Thanks for your review of our paper and sharing your thoughts! You raised a number of good points. I just want to clarify a few points:
1. Why not using specification to define gray failure?
First, as we mentioned in the paper and the talk (https://www.cs.jhu.edu/~huang/talk/hotos17_talk.pdf), there are various ways to define gray failure, and the model we propose is admittedly not the only one (although engineers we talked to seem to agree with the differential observability perspective most among various other definitions). We did think about it from system specification perspective you proposed but did not go with that route for the reasons below.

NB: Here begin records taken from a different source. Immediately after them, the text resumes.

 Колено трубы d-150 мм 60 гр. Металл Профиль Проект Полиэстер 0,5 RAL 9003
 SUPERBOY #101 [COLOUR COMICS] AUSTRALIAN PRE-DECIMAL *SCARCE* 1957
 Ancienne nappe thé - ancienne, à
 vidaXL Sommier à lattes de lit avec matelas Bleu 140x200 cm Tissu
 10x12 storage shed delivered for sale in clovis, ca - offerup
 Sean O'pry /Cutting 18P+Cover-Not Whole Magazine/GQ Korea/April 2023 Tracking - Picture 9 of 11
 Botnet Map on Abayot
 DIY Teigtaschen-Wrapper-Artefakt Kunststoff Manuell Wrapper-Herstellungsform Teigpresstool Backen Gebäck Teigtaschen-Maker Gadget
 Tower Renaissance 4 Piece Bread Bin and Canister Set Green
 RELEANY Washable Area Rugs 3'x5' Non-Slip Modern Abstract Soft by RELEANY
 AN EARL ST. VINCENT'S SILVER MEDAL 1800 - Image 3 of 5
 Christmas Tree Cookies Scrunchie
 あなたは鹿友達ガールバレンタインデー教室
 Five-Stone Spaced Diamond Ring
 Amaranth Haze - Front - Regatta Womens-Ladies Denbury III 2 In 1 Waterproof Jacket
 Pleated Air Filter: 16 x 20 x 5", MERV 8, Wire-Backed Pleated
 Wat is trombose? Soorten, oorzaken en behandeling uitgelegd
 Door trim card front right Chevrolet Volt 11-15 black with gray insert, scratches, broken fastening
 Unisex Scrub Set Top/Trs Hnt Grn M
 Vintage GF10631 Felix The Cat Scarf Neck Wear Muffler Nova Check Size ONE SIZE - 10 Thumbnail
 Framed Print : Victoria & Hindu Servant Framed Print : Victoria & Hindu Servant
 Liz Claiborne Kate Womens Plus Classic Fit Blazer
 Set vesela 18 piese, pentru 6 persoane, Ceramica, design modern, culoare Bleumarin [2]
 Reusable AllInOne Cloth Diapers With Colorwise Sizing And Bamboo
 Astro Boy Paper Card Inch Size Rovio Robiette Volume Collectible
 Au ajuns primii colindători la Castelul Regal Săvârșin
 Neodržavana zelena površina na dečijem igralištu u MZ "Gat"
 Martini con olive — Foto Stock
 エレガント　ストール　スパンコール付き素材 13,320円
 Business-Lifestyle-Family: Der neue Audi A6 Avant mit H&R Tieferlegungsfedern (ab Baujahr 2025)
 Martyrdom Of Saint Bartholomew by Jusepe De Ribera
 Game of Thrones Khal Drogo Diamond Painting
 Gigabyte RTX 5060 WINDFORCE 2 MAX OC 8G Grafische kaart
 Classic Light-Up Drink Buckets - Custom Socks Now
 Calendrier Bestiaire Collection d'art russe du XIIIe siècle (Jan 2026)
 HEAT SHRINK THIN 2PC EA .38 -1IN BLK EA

In an ideal world, if we can fully specify the expected behaviors of a system under all sorts of operational conditions and workloads, then yes, we can use that specification to "watch the watchers" and define gray failures as a buggy detector missing some specification checks. Indeed, if the full specification is available, we can even use it to characterize arbitrary faults (https://www.cis.upenn.edu/~ahae/papers/detection-opodis2009.pdf). But in practice, it is extremely difficult to come up with that full specification beforehand for real-world complex systems, at least regarding the system implementations. Certain behaviors are also inherently difficult to "specify" whether they are acceptable or not without considering the context, e.g., an agent leaking memory slowly (https://aws.amazon.com/message/680342/); the network having 2% packet loss rate; a component is unresponsive for 10 ms.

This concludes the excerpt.